▶ _Prompt_
An exact copy of the lines from the start of the material below through the line containing "Usado Dacia Sandero" is the required answer, and it includes no pictures.

▶ _Records for this task_
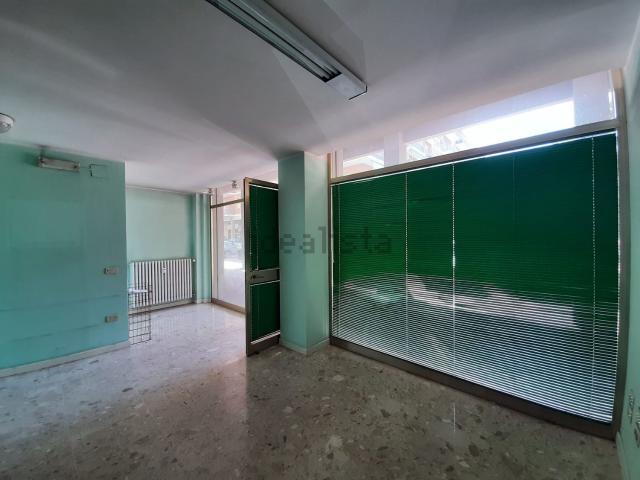 Locale Commerciale in affitto a Loreto, Marche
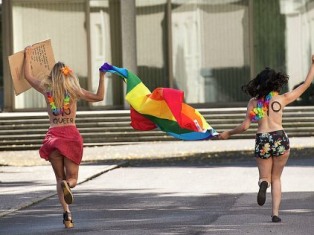 Femen атаковали здание посольства России в Стокгольме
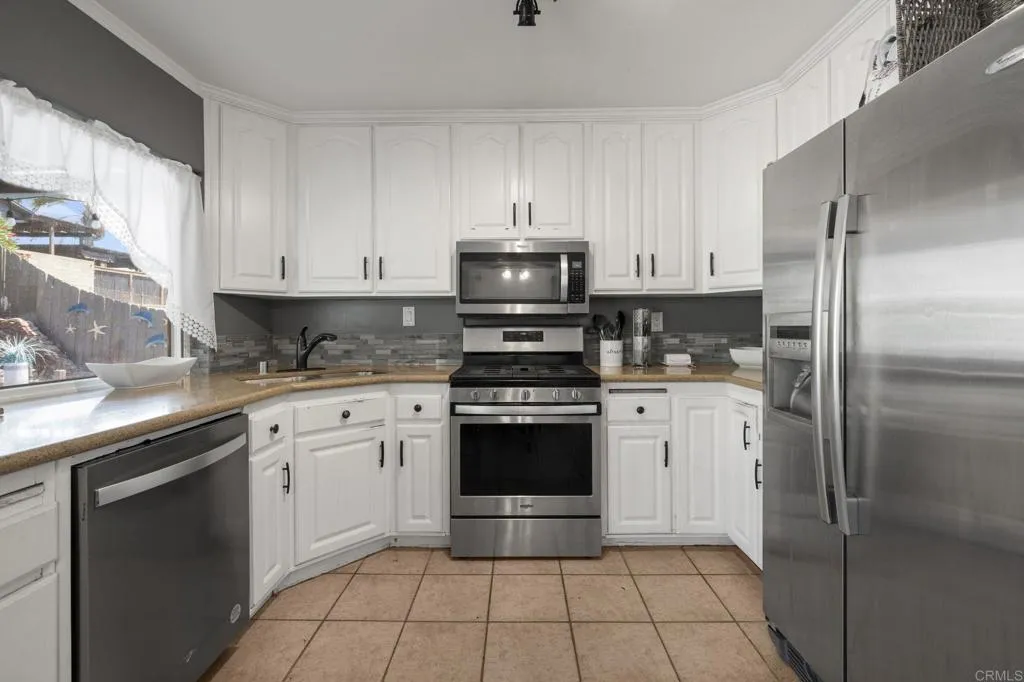 https://cdn.realtyfeed.com/cdn/127/306528406/3524a92a6b95ed08e68cc5facd97efd9.webp
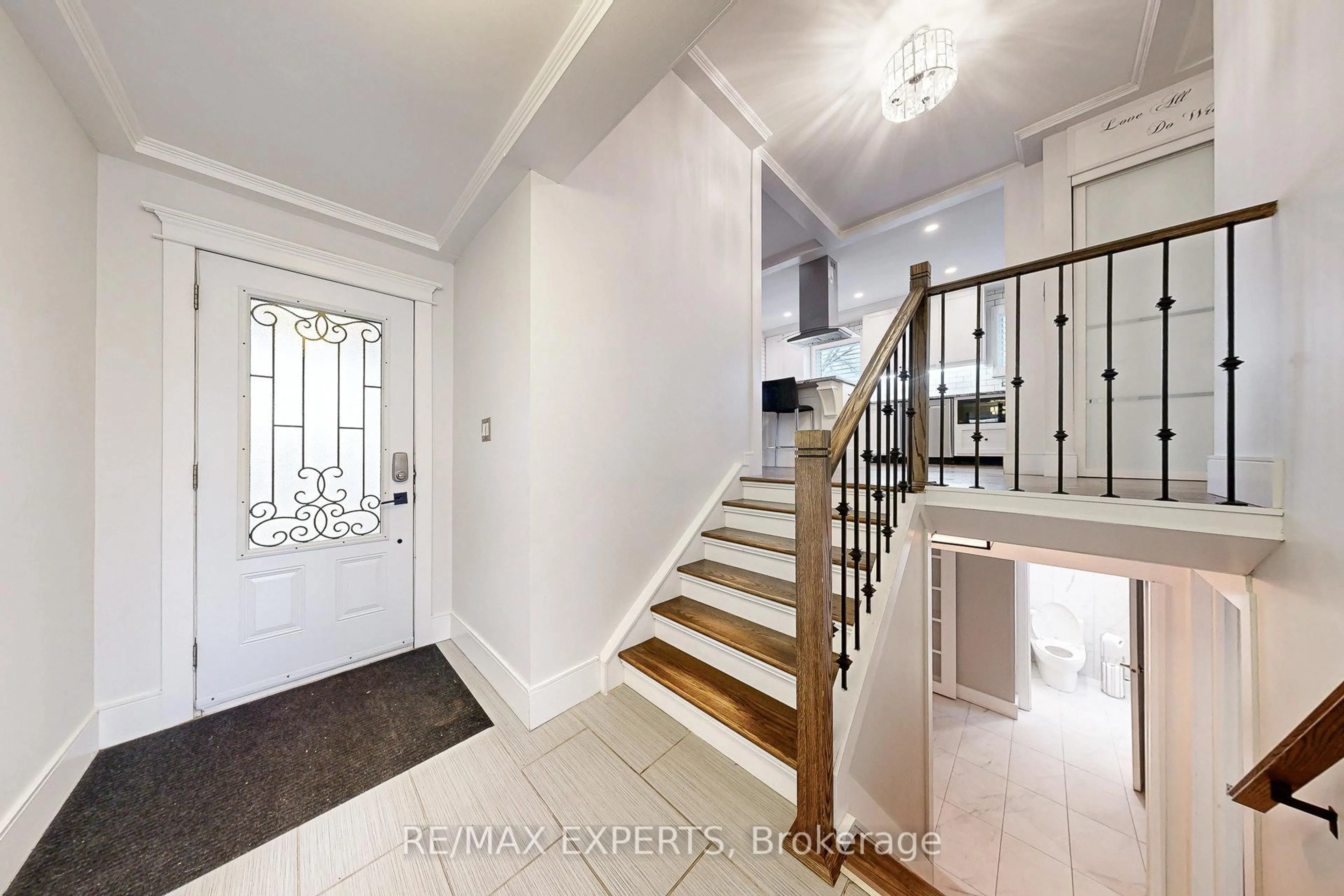 Indoor entryway for 4323 Forsyth Blvd, Burlington Ontario L7L 2M2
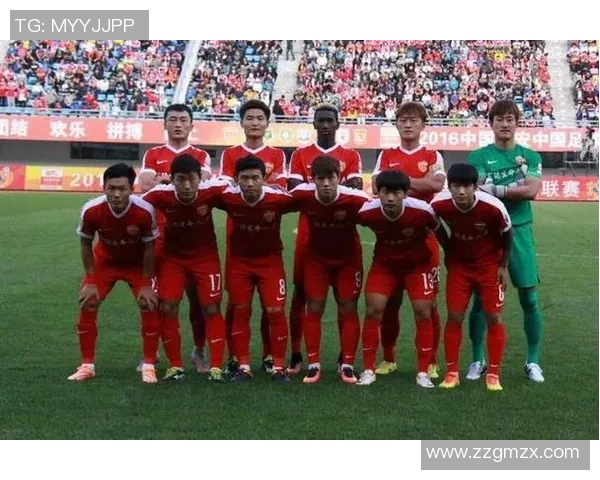 重庆网球队在世界杯预选赛中以60分稳居积分榜首位展现强劲实力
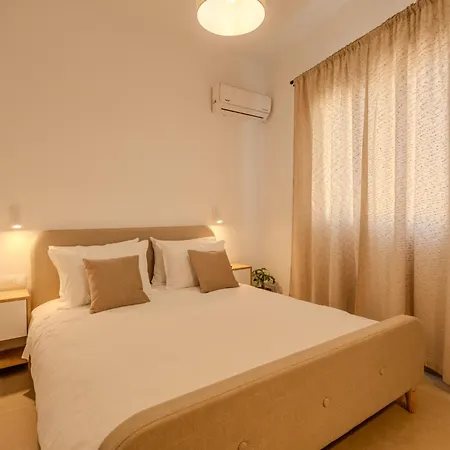 Celestial Acropolis View Apartman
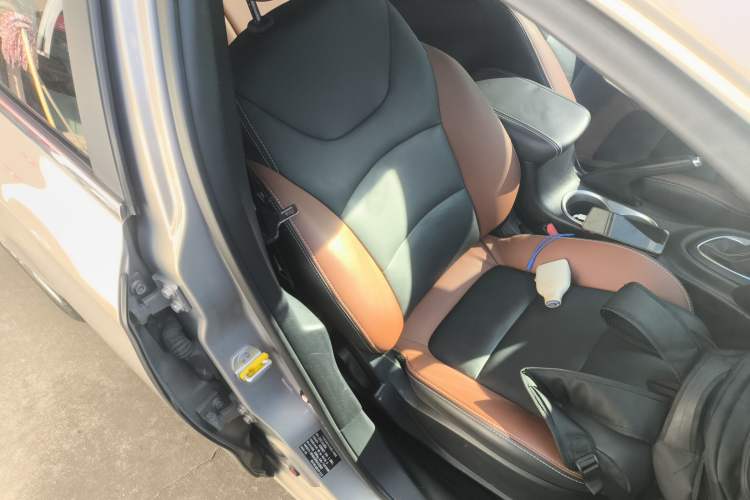 Used Fiat Viaggio 2015 1.4T Automatic Jingxiang Edition Right Front Seat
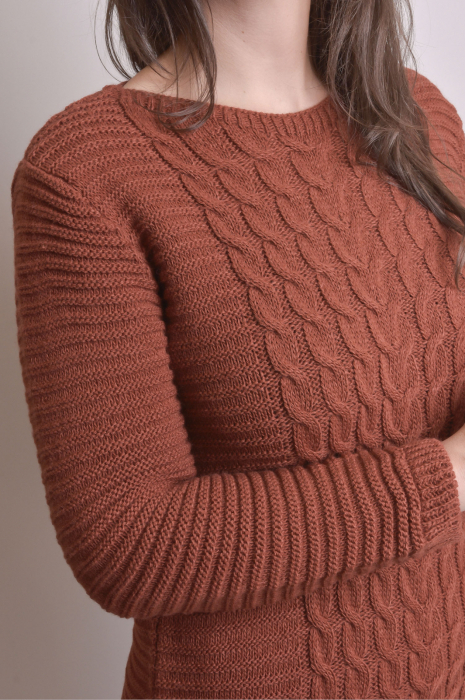 Pulover lung caramiziu cu model impletit [2]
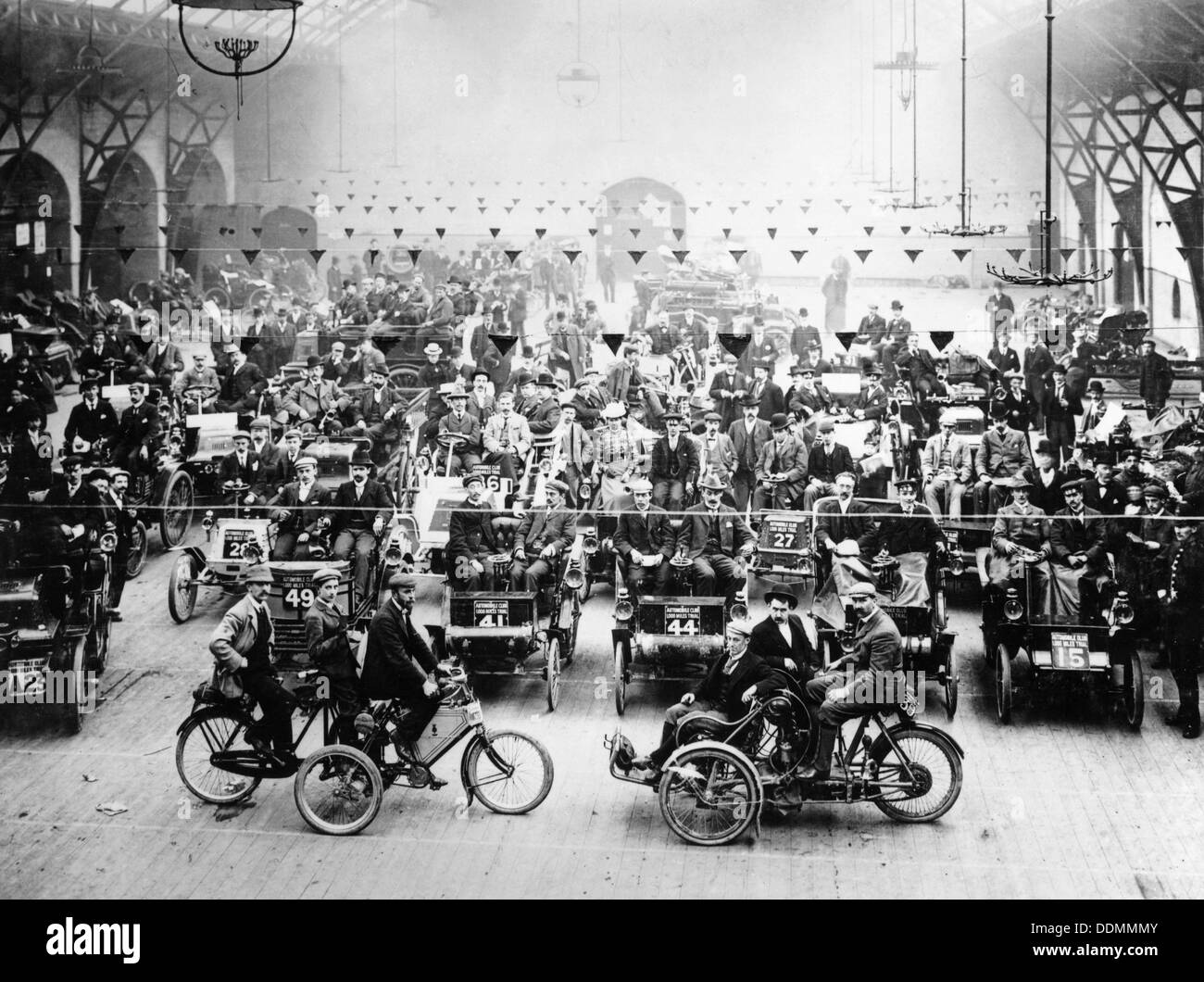 Start der 1000 Km-Studie (c 1900s?). Artist: Unbekannt Stockfoto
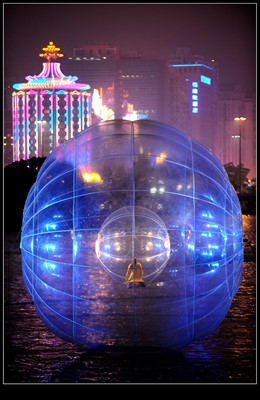 Esféras gigantes precederán a la Cabalgata de los Reyes Magos de Madrid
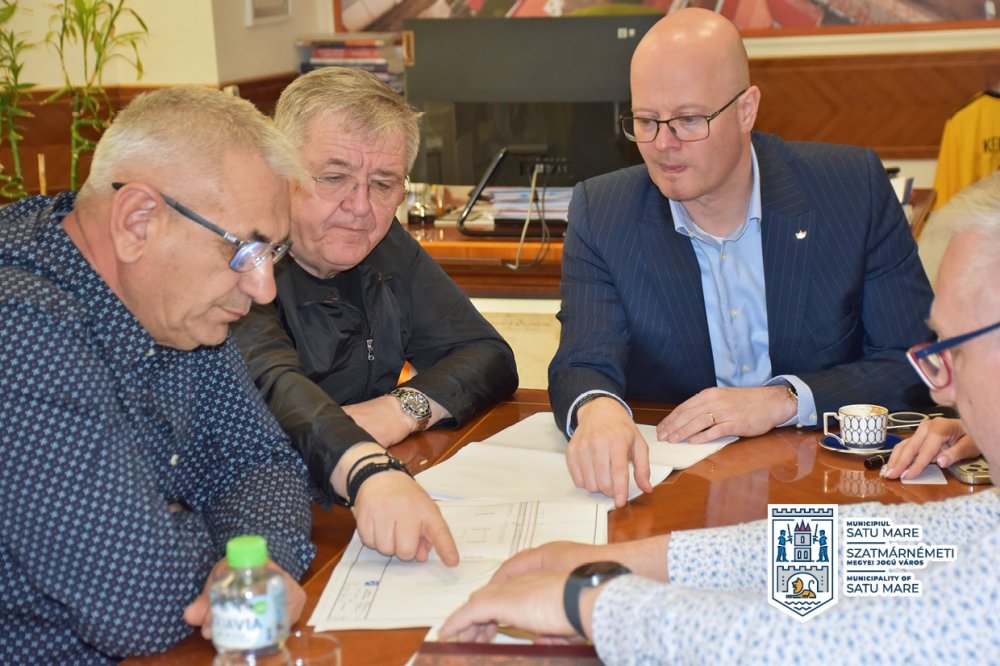 Mircea Govor sprijina proiectul de largire a Drumului Careiului Sedinta de lucru astazi la Primarie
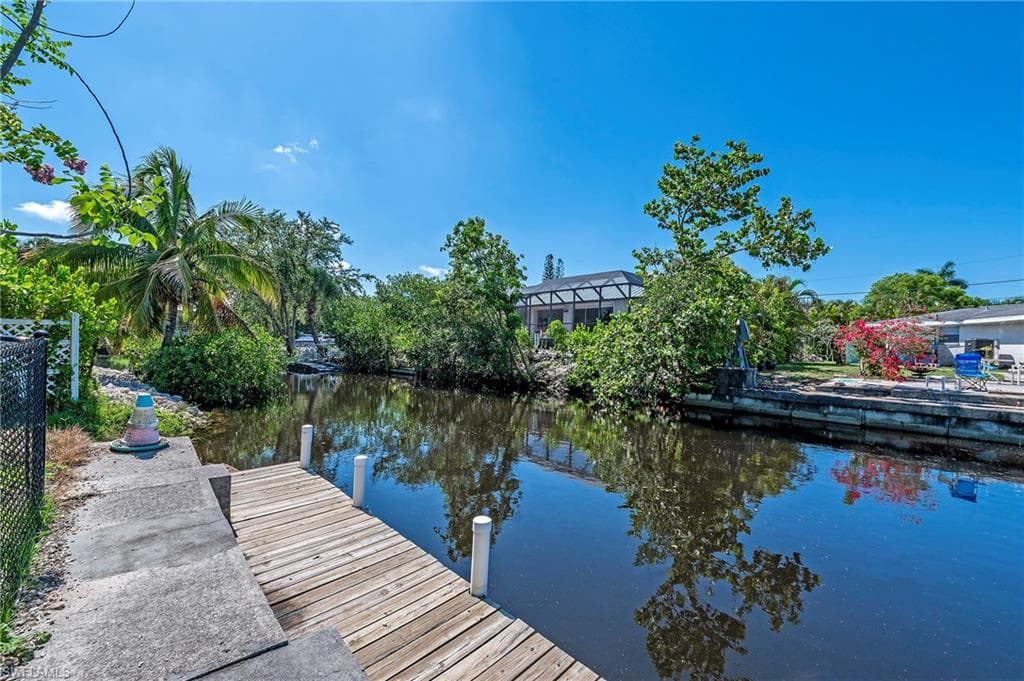 9804 Montana CT BONITA SPRINGS, FL 34135
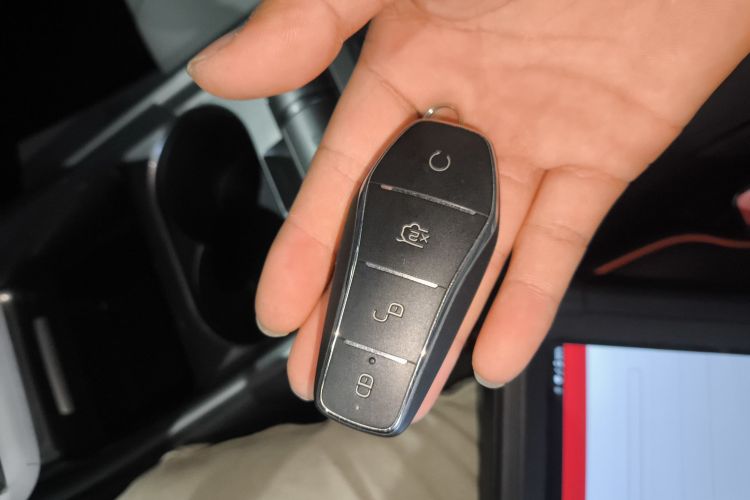 比亚迪 海豚 2021款 405km 时尚版中控内饰11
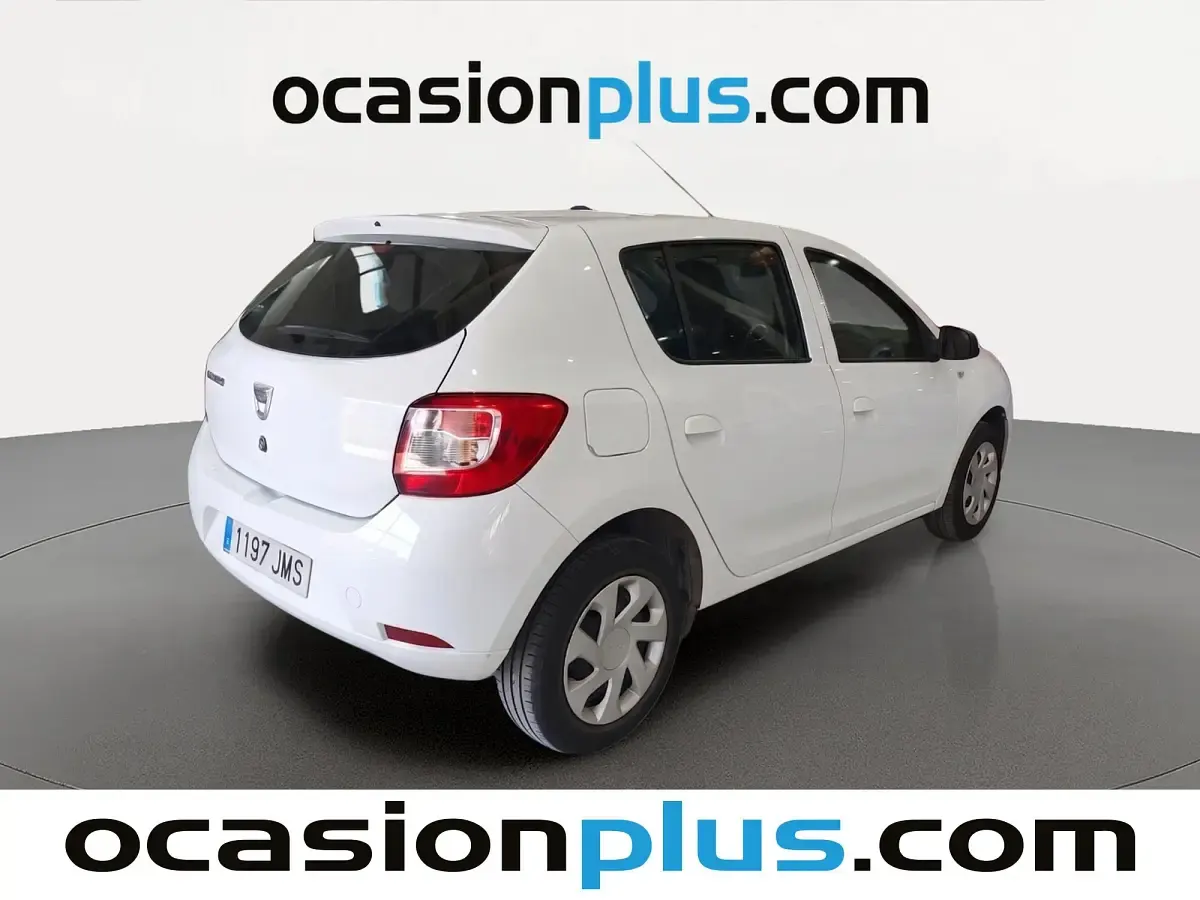 Usado Dacia Sandero Lauréate 90 CV (66 kW) 2016 Blanco Utilitario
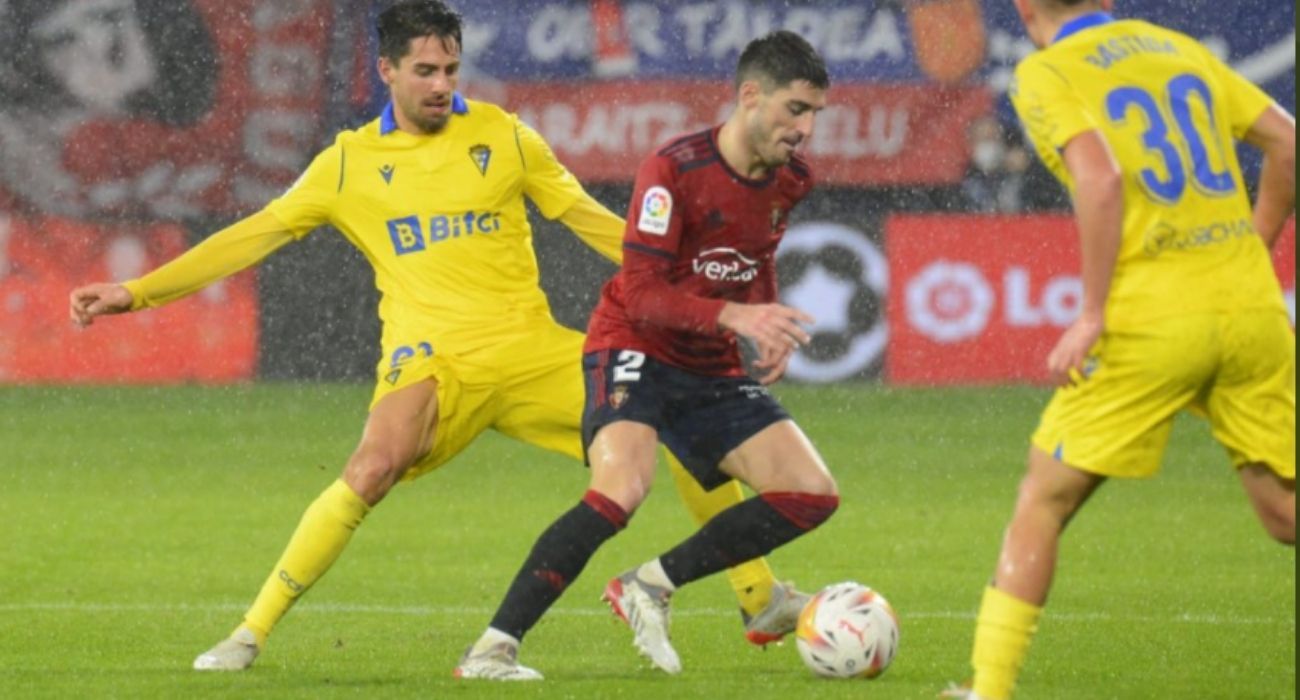Una imagen del último partido ante Osasuna. CADIZCF Una imagen del último partido ante Osasuna. CADIZCF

▶ _Answer to this problem_
 Locale Commerciale in affitto a Loreto, Marche
 Femen атаковали здание посольства России в Стокгольме
 https://cdn.realtyfeed.com/cdn/127/306528406/3524a92a6b95ed08e68cc5facd97efd9.webp
 Indoor entryway for 4323 Forsyth Blvd, Burlington Ontario L7L 2M2
 重庆网球队在世界杯预选赛中以60分稳居积分榜首位展现强劲实力
 Celestial Acropolis View Apartman
 Used Fiat Viaggio 2015 1.4T Automatic Jingxiang Edition Right Front Seat
 Pulover lung caramiziu cu model impletit [2]
 Start der 1000 Km-Studie (c 1900s?). Artist: Unbekannt Stockfoto
 Esféras gigantes precederán a la Cabalgata de los Reyes Magos de Madrid
 Mircea Govor sprijina proiectul de largire a Drumului Careiului Sedinta de lucru astazi la Primarie
 9804 Montana CT BONITA SPRINGS, FL 34135
 比亚迪 海豚 2021款 405km 时尚版中控内饰11
 Usado Dacia Sandero Lauréate 90 CV (66 kW) 2016 Blanco Utilitario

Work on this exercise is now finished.